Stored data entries
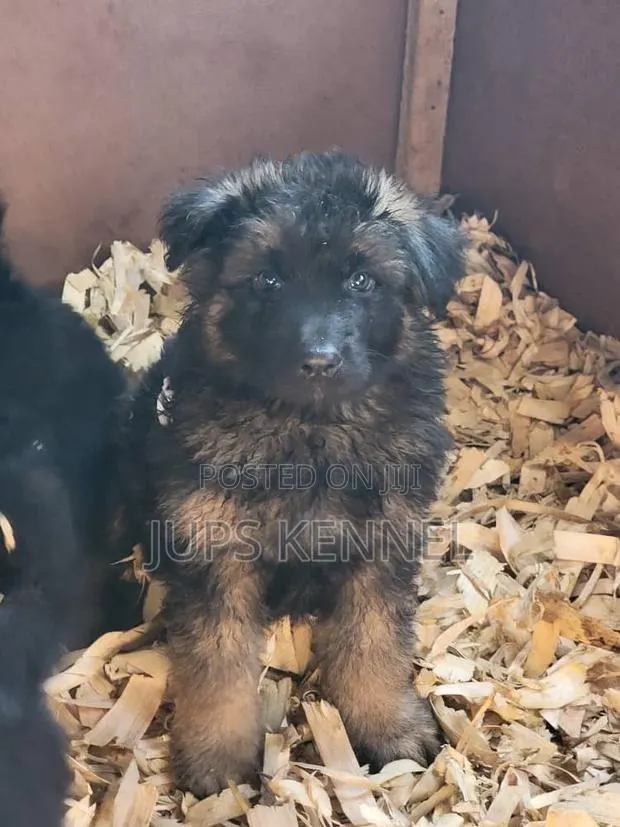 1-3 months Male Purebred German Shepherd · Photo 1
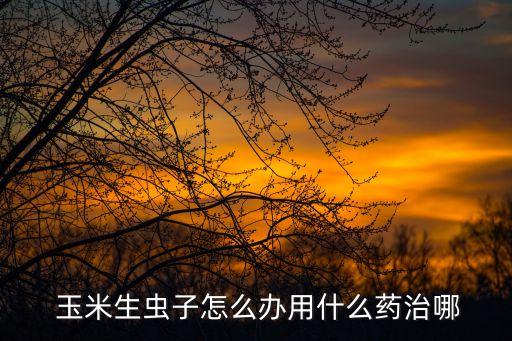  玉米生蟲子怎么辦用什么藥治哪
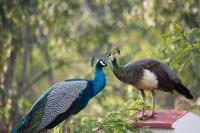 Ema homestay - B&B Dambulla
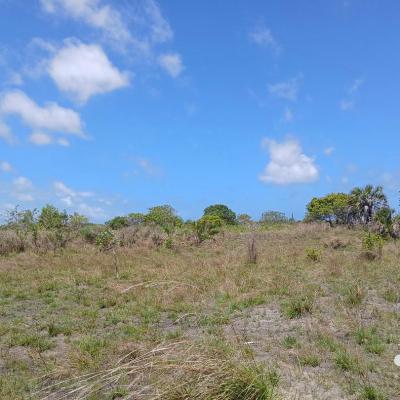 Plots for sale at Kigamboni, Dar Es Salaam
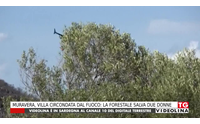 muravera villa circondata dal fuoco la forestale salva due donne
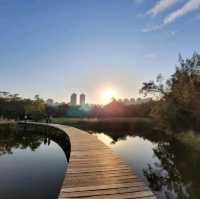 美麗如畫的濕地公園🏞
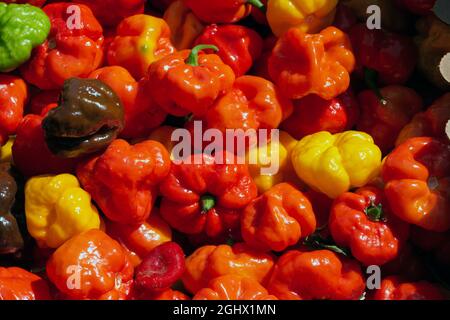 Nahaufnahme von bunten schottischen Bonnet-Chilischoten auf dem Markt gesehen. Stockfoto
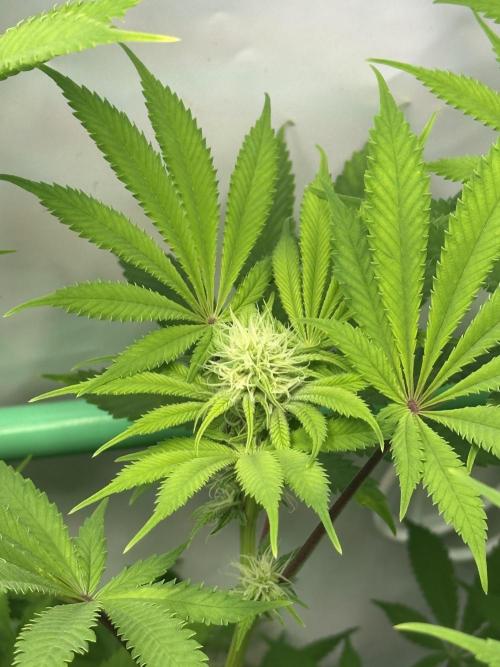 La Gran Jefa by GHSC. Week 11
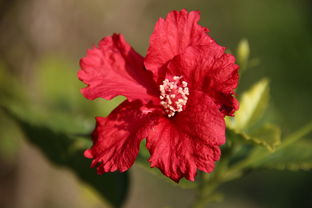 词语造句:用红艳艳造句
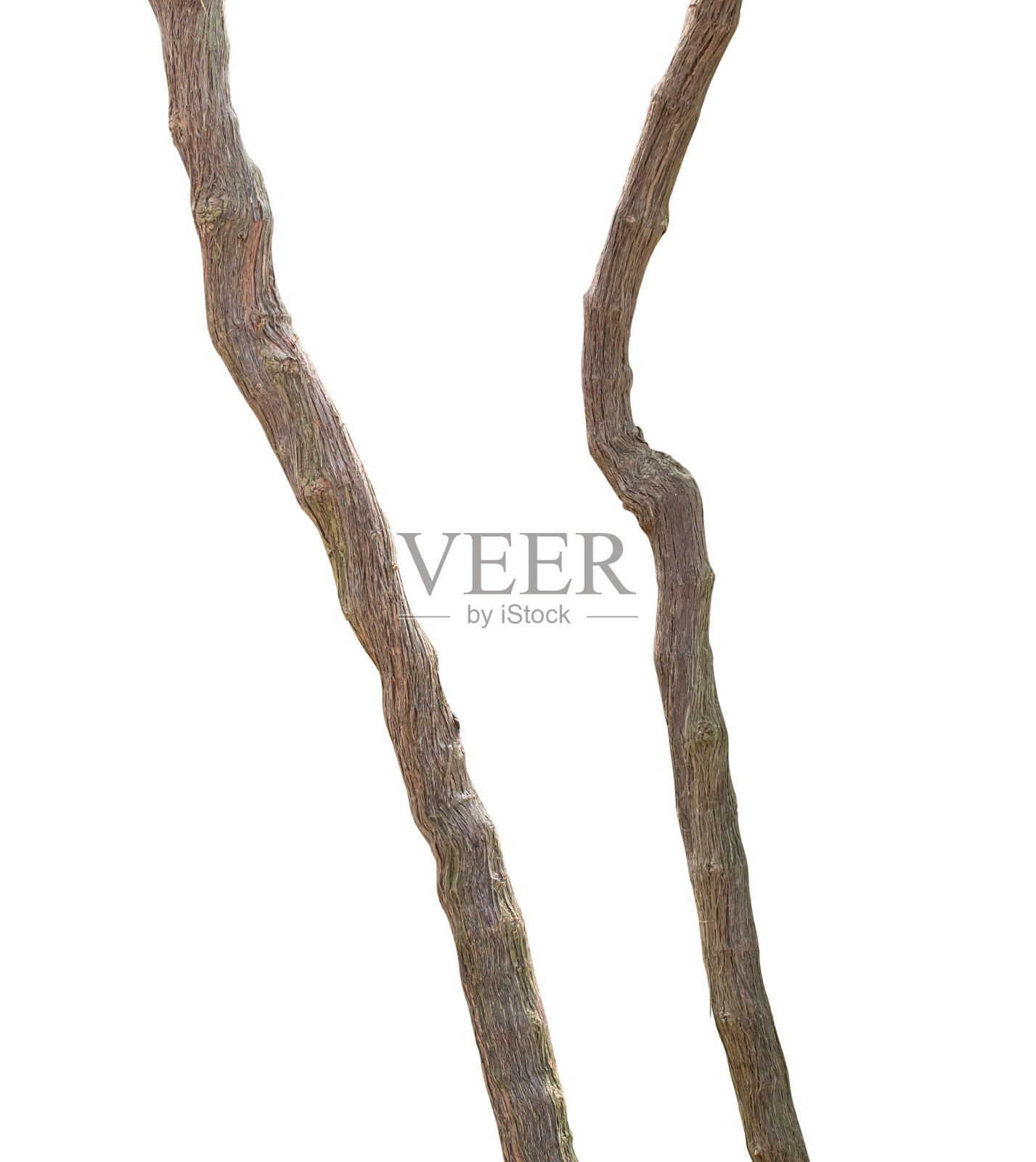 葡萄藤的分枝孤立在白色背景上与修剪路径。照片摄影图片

◆ **Goal of the exercise**: Could the entries above be returned verbatim, with no pictures included?

◆ **Reply to the exercise**:
 1-3 months Male Purebred German Shepherd · Photo 1
  玉米生蟲子怎么辦用什么藥治哪
 Ema homestay - B&B Dambulla
 Plots for sale at Kigamboni, Dar Es Salaam
 muravera villa circondata dal fuoco la forestale salva due donne
 美麗如畫的濕地公園🏞
 Nahaufnahme von bunten schottischen Bonnet-Chilischoten auf dem Markt gesehen. Stockfoto
 La Gran Jefa by GHSC. Week 11
 词语造句:用红艳艳造句
 葡萄藤的分枝孤立在白色背景上与修剪路径。照片摄影图片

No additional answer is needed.